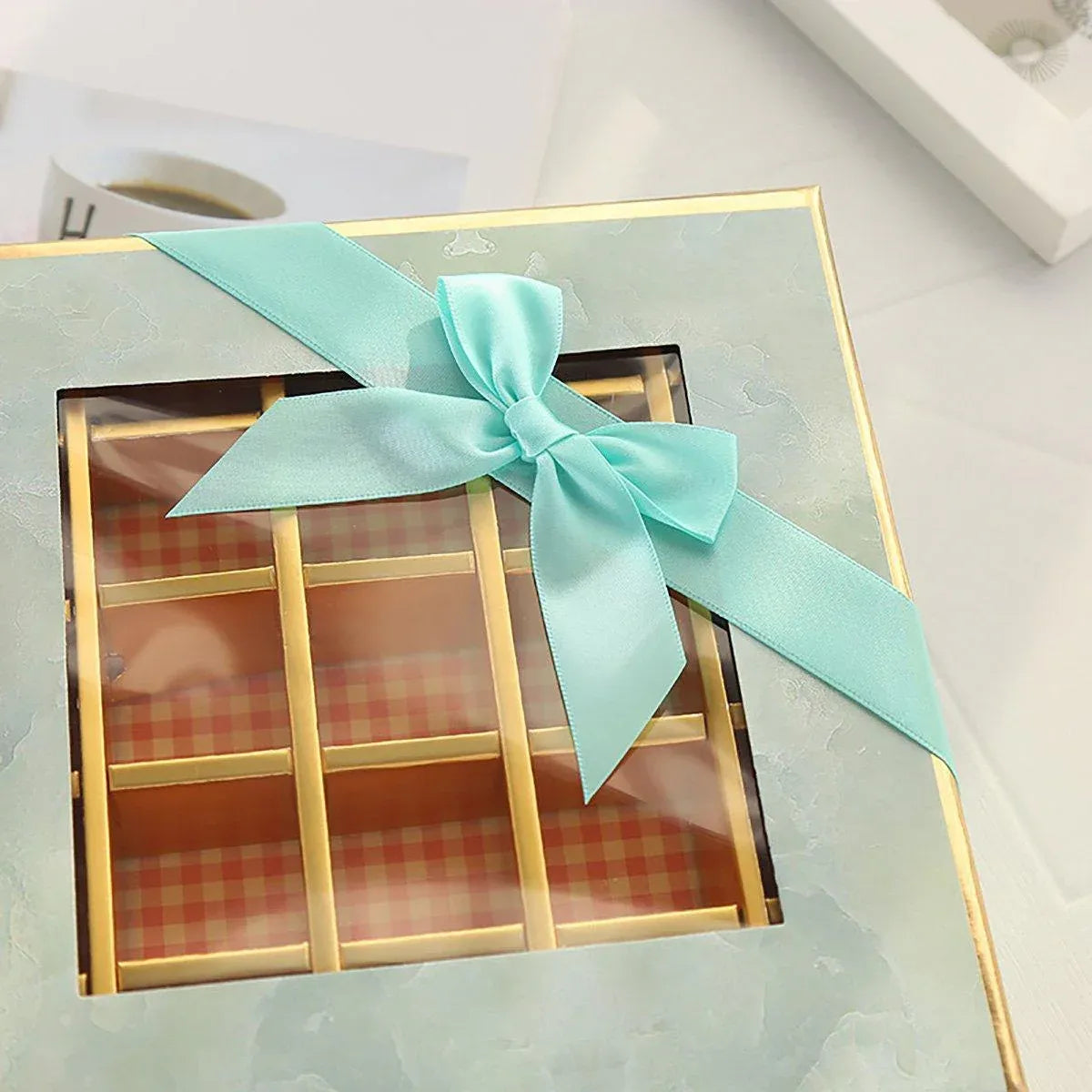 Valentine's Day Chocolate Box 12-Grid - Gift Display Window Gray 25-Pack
====
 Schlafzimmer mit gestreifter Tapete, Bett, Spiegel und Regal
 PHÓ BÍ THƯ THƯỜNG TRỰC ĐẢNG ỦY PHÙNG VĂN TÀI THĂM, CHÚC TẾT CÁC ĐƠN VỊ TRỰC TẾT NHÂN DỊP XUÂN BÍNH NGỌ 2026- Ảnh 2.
====
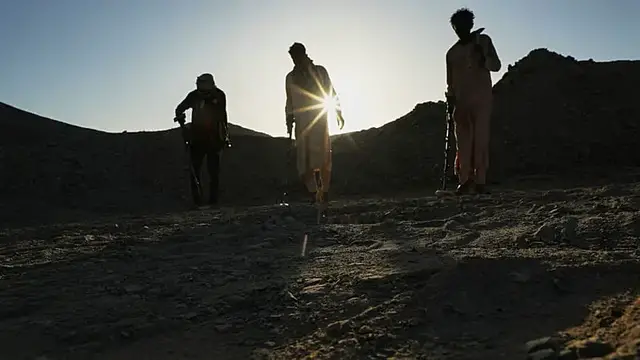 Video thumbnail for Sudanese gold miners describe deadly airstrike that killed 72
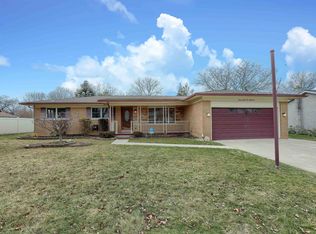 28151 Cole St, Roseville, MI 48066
====
» ASSIGNMENT
Exactly reproduce the lines above, starting at the one that contains "Video thumbnail for" and ending at the one that contains "28151 Cole St, Roseville, MI 48066", both inclusive; leave the pictures out and add no other lines.

» YOUR RESPONSE
 Video thumbnail for Sudanese gold miners describe deadly airstrike that killed 72
 28151 Cole St, Roseville, MI 48066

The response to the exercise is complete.